Imagine an alternative universe, on the other hand, where Scale will only get used once and therefore we can take advantage of certain properties of its usage. Namely, perhaps the input array need not be preserved, and instead we can update the elements matching the criteria in place:
void ScaleInPlace(int[] inputs, int lo, int hi, int c) {
for (int i = 0; i < inputs.Length; i++) {
if ((inputs[i] >= lo) &*& (inputs[i] <= hi)) {
inputs[i] *= c;
}
}
}
A quick-and-dirty benchmark shows this to be an order of magnitude faster. Again, is it an order of magnitude that you care about? Perhaps not. See my earlier thoughts on that particular topic. But if you care about costs in the 100s or 1000s of cycles range, you probably want to pay heed.

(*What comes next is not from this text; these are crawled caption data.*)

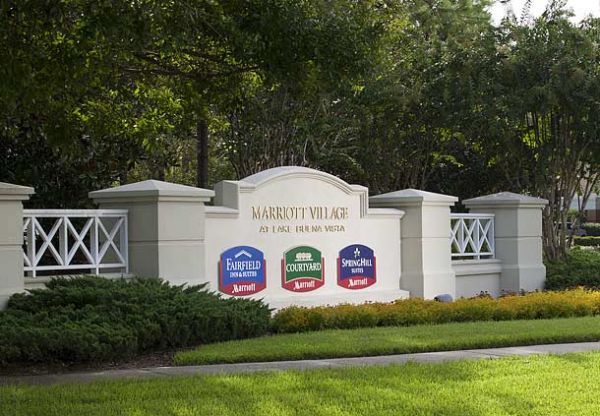 Courtyard Orlando LBV in the Marriott Village entrance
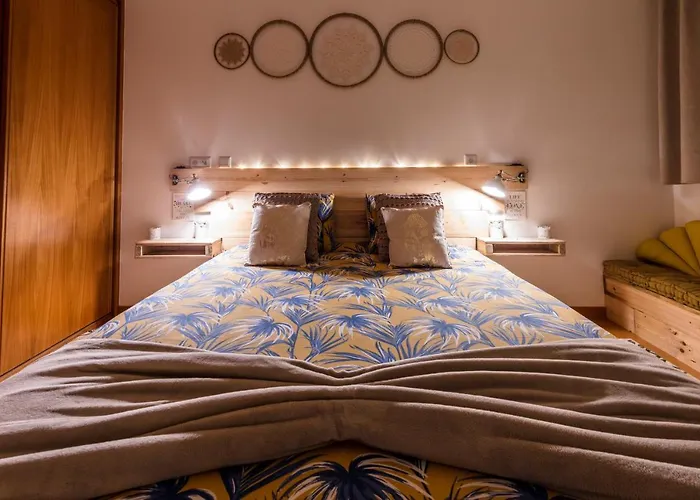 Golden Waves Surf And Yoga Lodge Furadouro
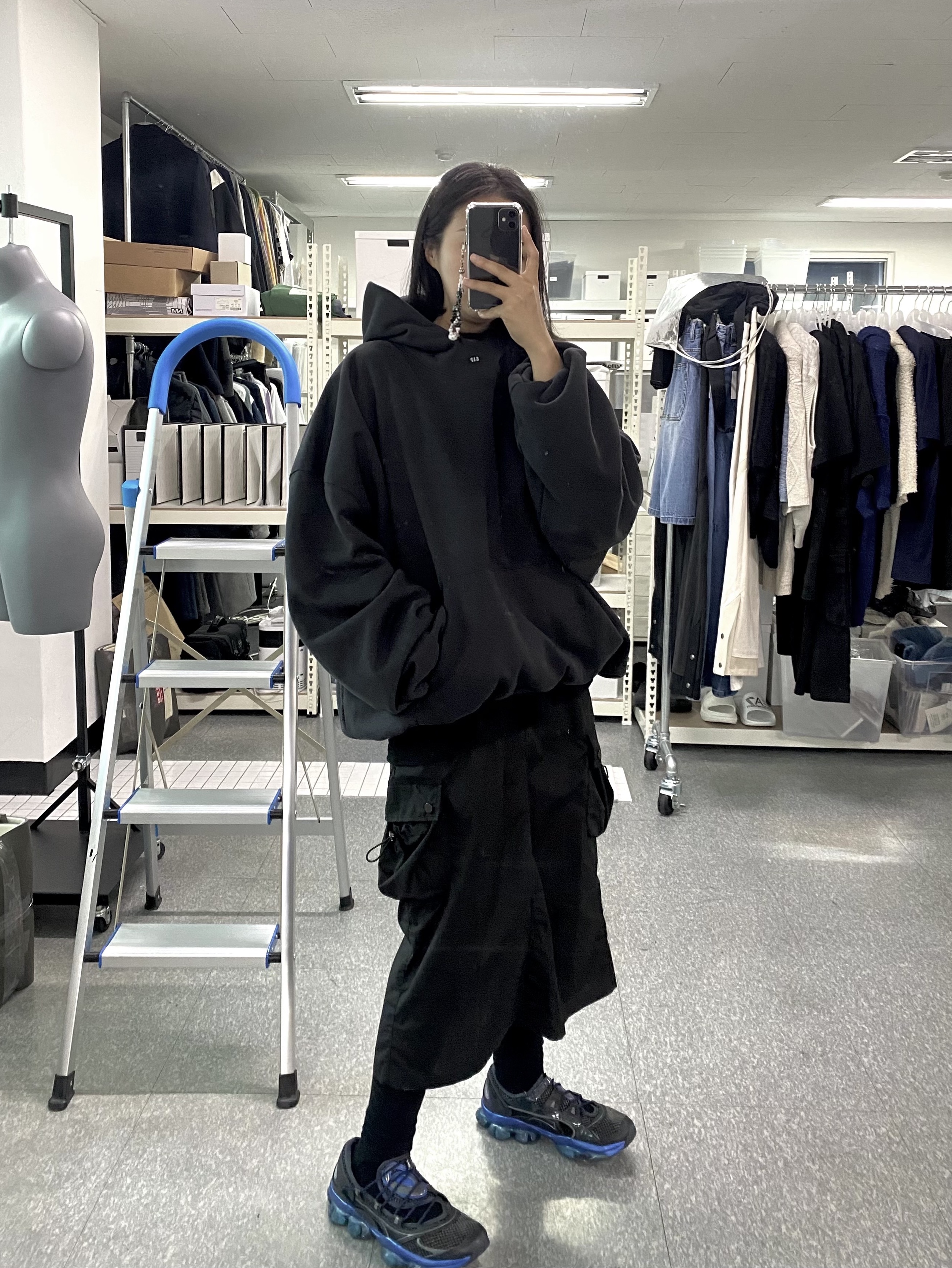 Yeezy Gap Engineered By Balenciaga Padded Hoodie Black, (W) Asics x Kiko Kostadinov x Hysteric Glamour Gel-Quantum Lylia Pure Silver Blue Expanse 착용 스타일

Now, I’m not trying to take potshots at LINQ. It was just an example. In fact, I spent 3 years running a team that delivered PLINQ, a parallel execution engine for LINQ-to-Objects. LINQ is great where you can afford it, and/or where the alternatives do not offer ridiculously better performance. For example, if you can’t do in-place updates, functionally producing new data is going to require allocations no matter which way you slice it. But having watched people using PLINQ, I have witnessed numerous occasions where an inordinately expensive query was made 8-times faster by parallelizing… where the trivial refactoring into a slimmed down algorithm with proper data structures would have speed the code up by 100-fold. Parallelizing a piggy piece of code to make it faster merely uses more of the machine to get the same job done, and will negatively impact power, resource management, and utilization.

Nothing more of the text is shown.